What is Cancer?
Our bodies, and those of our pets, are made up of millions of microscopic cells. Over our lifetimes, these cells replicate millions and millions of time, helping grow, repair damage, conduct the normal functions of life and replace aged tissue. Normally, this cell division and replication is carefully controlled by the body, and happens only as needed.
If a cell changes and loses control of this replication it can divide uncontrollably, creating more and more cells. This uncontrolled growth is called Cancer. This loss of control is usually due to an accidental change or mutation in the cell's DNA. In some cases this can be influenced by lifestyle (such as smoking in people), but often it's just a terrible accidental occurrence, with no underlying cause.
Cancer is dangerous because the uncontrolled growth of the cells can damage surrounding tissue, can spread throughout the body, and can drain the body of energy and nutrients.
Cancers vary widely depending on which cells they started from, and on the speed of their replication and growth.

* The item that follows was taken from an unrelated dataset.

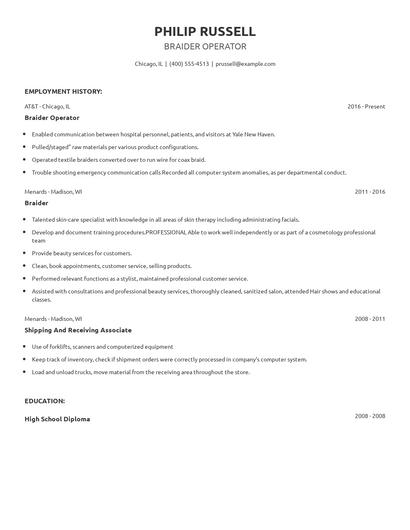 Braider Operator Resume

Cancers that grow slowly and don't cause significant damage are often called "benign", whereas cancers that grow rapidly, spread throughout the body and cause damage are called "malignant".
How is Cancer Diagnosed?
A veterinarian may suspect cancer if a pet has unexpected weight loss, has swollen lymph nodes (glands), has breathing issues or abdominal enlargement.
The specific signs of cancer vary widely depending on the cancer location and type.
Diagnosis of cancer will often involve:
- Physical examination by the vet
- Blood tests
- X-rays or ultrasound
- Biopsy (either using a small needle or possibly requiring a surgery)
Having an accurate diagnosis will allow your veterinarian to make a much better assessment about suitable treatments and the overall prognosis.